## EXERCISE DETAILS
Reproduce exactly the span of lines beginning at the one with "2026 NewABORON Portable" and ending at the last line of the data below, omitting pictures.

## AVAILABLE DATA
^^^^
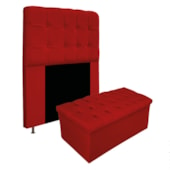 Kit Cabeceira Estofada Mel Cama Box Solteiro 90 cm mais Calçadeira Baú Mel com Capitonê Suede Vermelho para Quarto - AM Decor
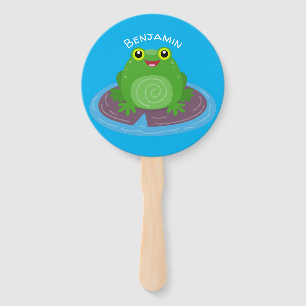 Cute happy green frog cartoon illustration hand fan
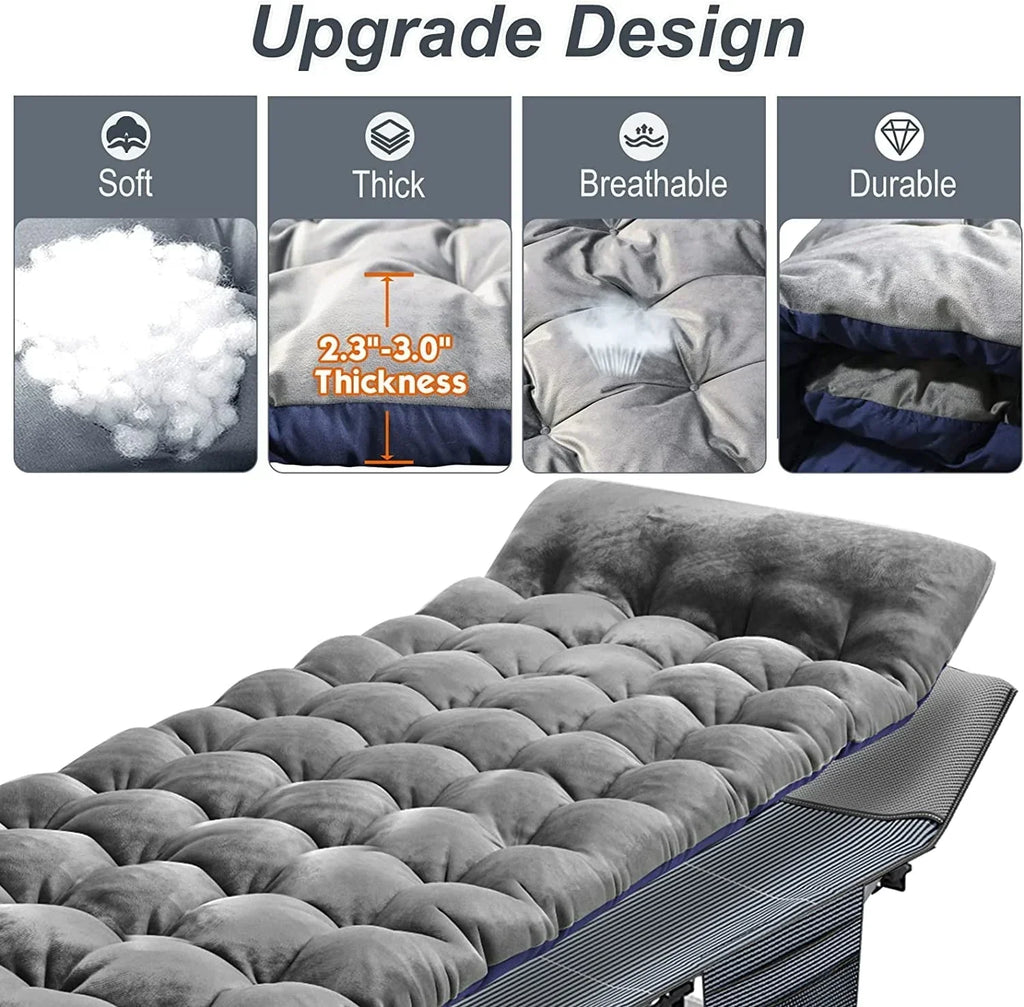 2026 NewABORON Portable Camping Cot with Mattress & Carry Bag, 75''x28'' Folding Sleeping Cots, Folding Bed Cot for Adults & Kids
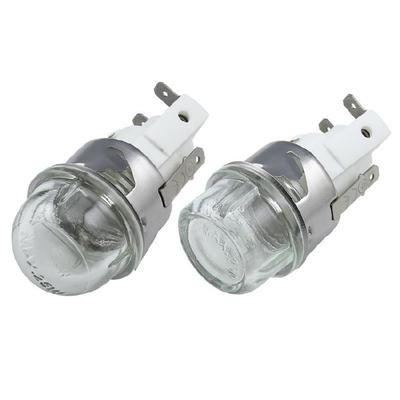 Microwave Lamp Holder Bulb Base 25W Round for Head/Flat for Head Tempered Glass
^^^^
## RESULT
 2026 NewABORON Portable Camping Cot with Mattress & Carry Bag, 75''x28'' Folding Sleeping Cots, Folding Bed Cot for Adults & Kids
 Microwave Lamp Holder Bulb Base 25W Round for Head/Flat for Head Tempered Glass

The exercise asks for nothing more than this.